TASK DESCRIPTION:
Write out the data exactly as given, dropping every picture.

--- SUPPLIED DATA ---

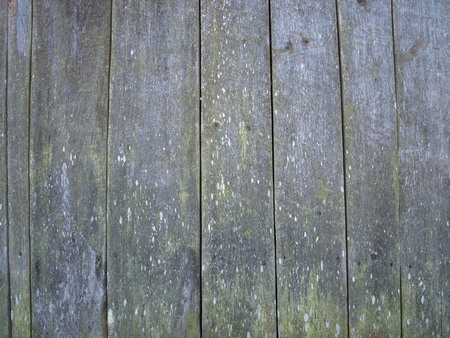 Old wooden wall of pine covered with mossの写真素材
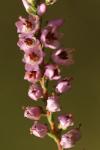 Calluna vulgaris
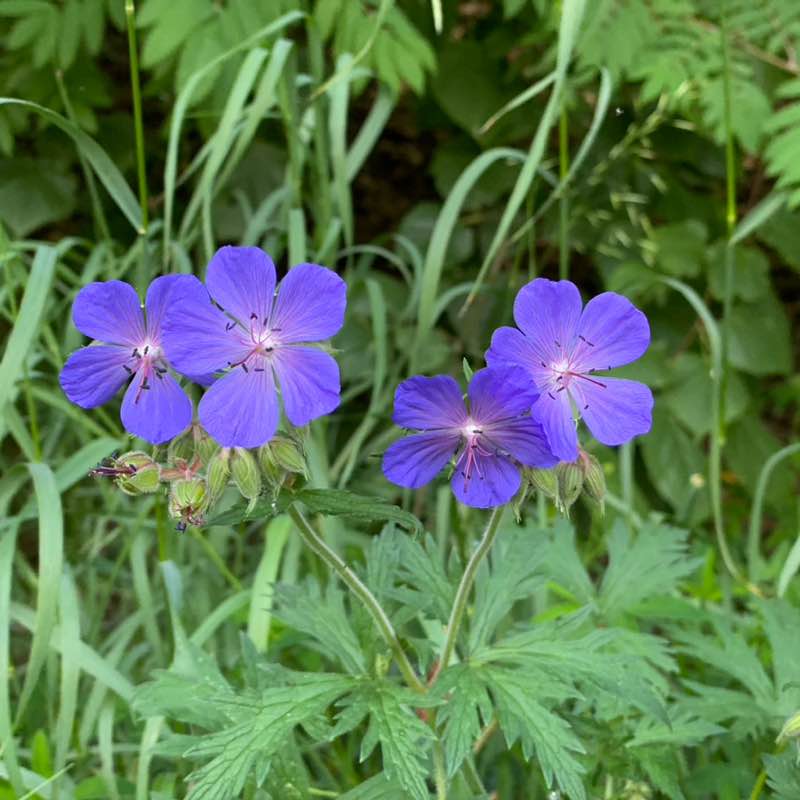 VladF 🇷🇺 post 2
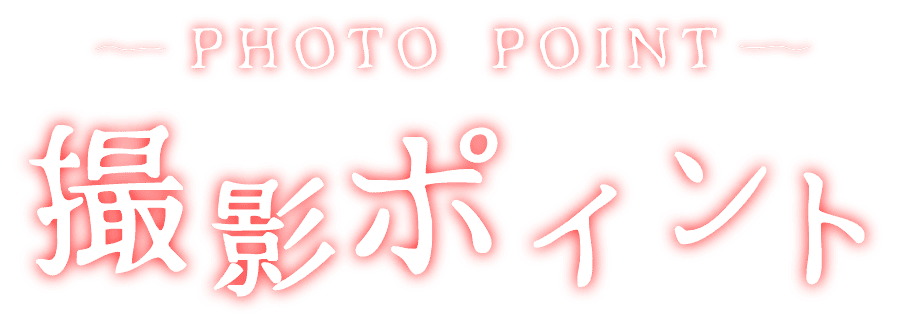 撮影ポイントタイトル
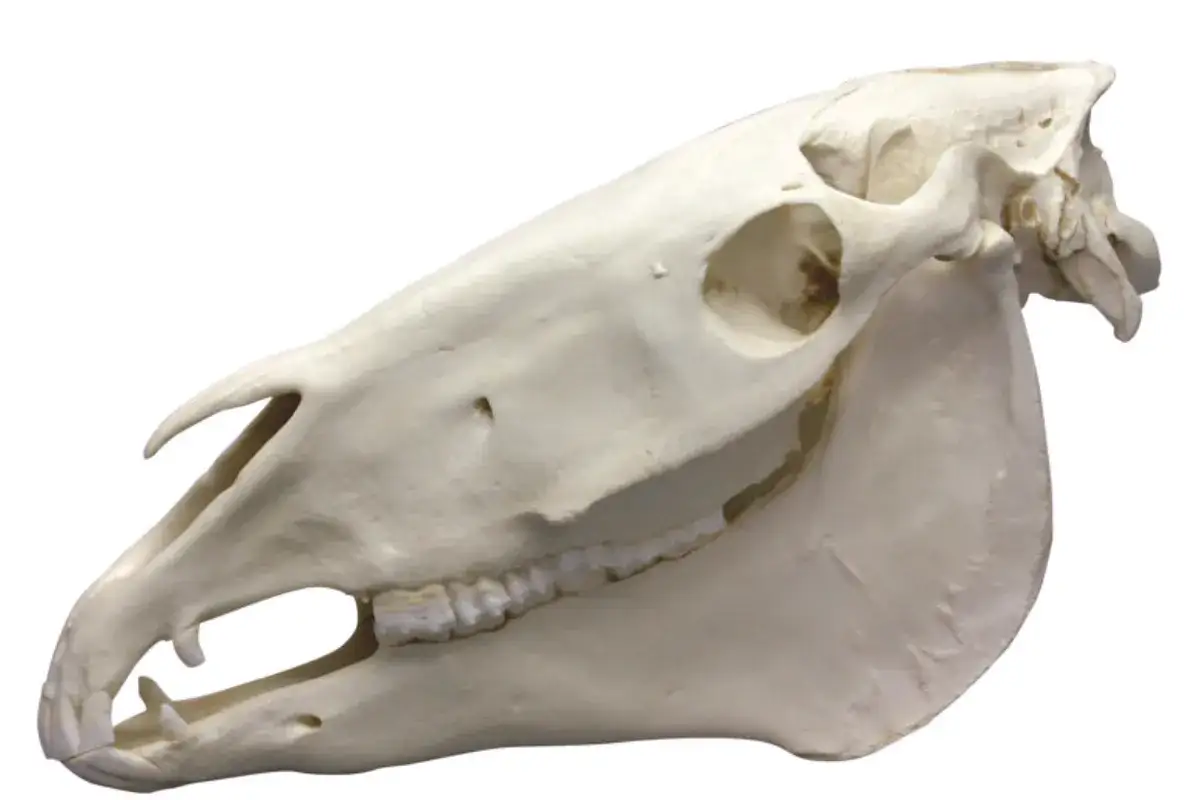Czaszka konia z widocznymi, mocnymi końskimi zębami, idealna do nauki anatomii.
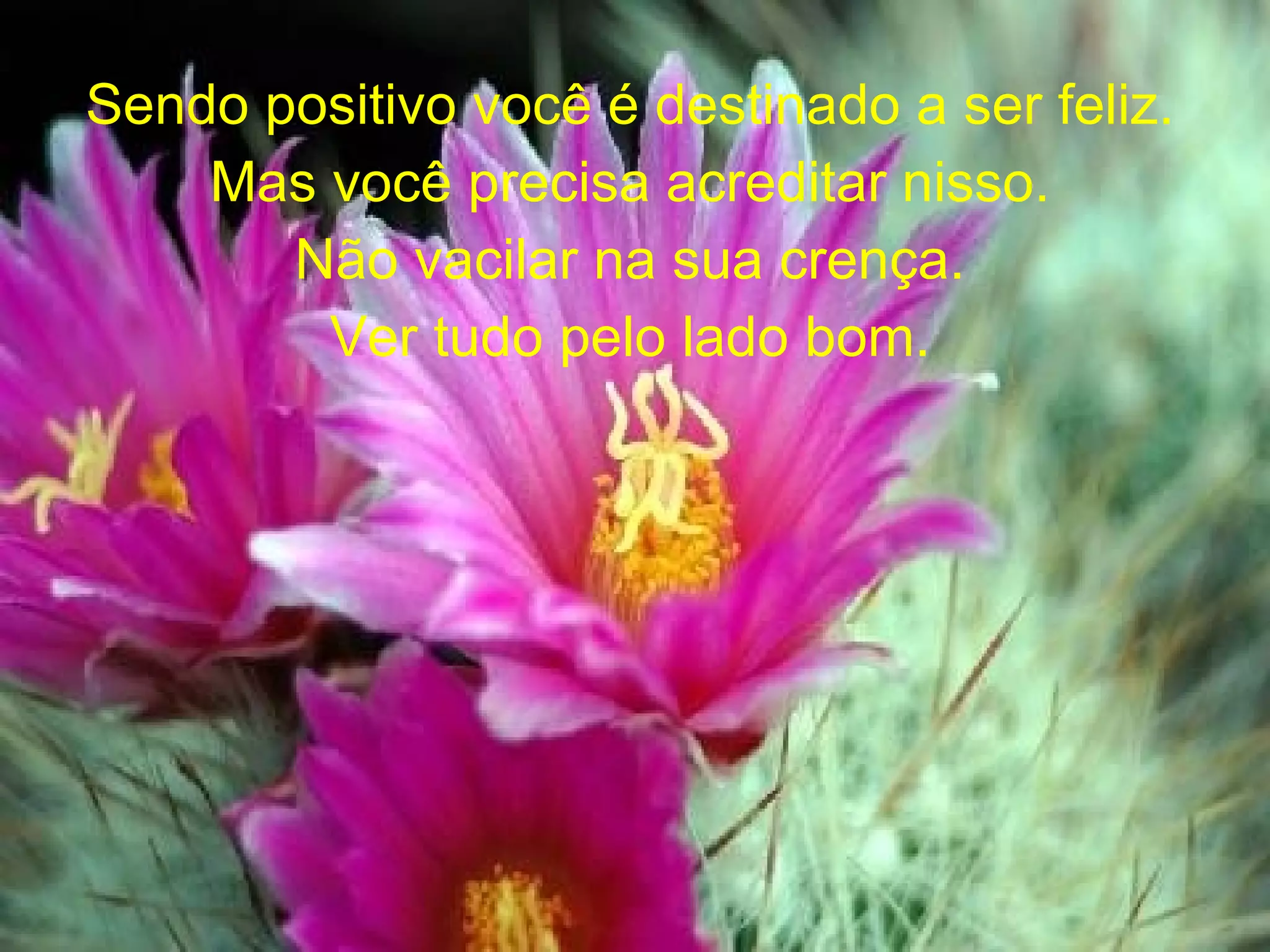 Sendo positivo você é destinado a ser feliz. Mas você precisa acreditar nisso. Não vacilar na sua crença. Ver tudo pelo lado bom.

---

RESULT OF THE EXERCISE:
 Old wooden wall of pine covered with mossの写真素材
 Calluna vulgaris
 VladF 🇷🇺 post 2
 撮影ポイントタイトル
Czaszka konia z widocznymi, mocnymi końskimi zębami, idealna do nauki anatomii.
 Sendo positivo você é destinado a ser feliz. Mas você precisa acreditar nisso. Não vacilar na sua crença. Ver tudo pelo lado bom.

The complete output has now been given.